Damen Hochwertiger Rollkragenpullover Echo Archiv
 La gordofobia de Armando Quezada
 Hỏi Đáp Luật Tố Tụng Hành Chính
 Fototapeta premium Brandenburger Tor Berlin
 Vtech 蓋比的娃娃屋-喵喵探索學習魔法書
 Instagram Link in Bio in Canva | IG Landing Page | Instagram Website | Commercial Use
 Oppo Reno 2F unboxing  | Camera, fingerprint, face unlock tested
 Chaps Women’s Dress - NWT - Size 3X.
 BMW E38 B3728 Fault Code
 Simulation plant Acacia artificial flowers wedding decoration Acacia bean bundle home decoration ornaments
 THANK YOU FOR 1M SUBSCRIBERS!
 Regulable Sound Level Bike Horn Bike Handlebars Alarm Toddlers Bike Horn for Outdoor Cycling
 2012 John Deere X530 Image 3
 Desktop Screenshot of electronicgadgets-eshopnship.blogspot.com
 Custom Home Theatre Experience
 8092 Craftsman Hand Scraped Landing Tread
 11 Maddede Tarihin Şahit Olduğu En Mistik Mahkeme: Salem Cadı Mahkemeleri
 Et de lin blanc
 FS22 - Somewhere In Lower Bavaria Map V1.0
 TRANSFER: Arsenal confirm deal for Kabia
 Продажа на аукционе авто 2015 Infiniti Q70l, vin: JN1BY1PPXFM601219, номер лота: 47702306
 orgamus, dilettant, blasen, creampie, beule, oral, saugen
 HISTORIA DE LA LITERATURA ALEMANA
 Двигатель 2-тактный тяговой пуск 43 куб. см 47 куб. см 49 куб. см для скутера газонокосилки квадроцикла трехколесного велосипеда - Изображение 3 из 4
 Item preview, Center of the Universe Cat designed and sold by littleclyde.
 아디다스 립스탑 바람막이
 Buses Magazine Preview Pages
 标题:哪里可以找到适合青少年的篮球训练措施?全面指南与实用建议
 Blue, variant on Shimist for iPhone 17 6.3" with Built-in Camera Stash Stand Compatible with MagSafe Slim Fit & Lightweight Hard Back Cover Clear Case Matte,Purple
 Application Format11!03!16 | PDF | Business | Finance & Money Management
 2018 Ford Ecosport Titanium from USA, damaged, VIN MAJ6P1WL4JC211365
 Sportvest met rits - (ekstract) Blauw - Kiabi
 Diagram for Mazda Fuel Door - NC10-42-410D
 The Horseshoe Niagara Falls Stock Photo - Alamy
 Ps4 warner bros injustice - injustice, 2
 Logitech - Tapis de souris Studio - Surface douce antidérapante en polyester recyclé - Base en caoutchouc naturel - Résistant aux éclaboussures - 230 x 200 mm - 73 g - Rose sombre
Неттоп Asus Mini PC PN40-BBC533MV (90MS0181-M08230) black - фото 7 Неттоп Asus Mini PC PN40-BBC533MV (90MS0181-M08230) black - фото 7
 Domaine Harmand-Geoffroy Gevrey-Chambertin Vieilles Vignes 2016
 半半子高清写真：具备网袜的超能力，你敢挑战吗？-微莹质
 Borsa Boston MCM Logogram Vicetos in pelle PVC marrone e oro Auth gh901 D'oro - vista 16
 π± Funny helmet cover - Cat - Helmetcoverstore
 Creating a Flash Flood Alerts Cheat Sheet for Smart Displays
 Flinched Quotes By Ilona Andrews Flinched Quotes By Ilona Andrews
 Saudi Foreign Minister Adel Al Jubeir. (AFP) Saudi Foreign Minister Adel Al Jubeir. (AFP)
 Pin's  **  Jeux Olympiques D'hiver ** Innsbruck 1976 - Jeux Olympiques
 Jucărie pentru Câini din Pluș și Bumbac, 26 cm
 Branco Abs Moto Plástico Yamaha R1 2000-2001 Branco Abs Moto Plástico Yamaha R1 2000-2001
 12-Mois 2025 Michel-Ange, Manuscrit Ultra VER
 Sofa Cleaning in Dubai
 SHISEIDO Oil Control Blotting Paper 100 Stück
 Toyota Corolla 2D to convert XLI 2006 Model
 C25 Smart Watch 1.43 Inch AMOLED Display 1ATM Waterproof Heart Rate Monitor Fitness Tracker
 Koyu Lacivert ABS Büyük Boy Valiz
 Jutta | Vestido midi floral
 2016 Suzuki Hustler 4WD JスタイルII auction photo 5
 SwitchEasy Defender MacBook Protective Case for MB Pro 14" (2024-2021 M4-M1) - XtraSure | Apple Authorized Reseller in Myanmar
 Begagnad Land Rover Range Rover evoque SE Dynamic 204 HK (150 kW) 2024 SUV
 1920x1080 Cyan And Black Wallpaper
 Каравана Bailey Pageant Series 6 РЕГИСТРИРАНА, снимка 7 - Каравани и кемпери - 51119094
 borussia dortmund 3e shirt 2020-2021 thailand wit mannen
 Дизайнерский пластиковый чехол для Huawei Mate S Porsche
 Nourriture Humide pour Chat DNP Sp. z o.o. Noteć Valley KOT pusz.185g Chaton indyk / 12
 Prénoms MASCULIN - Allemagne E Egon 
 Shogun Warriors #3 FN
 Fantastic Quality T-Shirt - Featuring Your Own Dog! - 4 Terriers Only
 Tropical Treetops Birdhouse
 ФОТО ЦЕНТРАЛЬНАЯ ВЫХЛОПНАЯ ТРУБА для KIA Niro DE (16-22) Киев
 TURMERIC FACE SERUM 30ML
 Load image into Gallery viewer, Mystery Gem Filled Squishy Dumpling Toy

● ● ●

▸ **Work instructions**:
All lines above from the one holding "Двигатель 2-тактный тяговой" to the one holding "Blue, variant on", inclusive, are to be copied exactly; no other line is wanted.

▸ **Exercise solution**:
 Двигатель 2-тактный тяговой пуск 43 куб. см 47 куб. см 49 куб. см для скутера газонокосилки квадроцикла трехколесного велосипеда - Изображение 3 из 4
 Item preview, Center of the Universe Cat designed and sold by littleclyde.
 아디다스 립스탑 바람막이
 Buses Magazine Preview Pages
 标题:哪里可以找到适合青少年的篮球训练措施?全面指南与实用建议
 Blue, variant on Shimist for iPhone 17 6.3" with Built-in Camera Stash Stand Compatible with MagSafe Slim Fit & Lightweight Hard Back Cover Clear Case Matte,Purple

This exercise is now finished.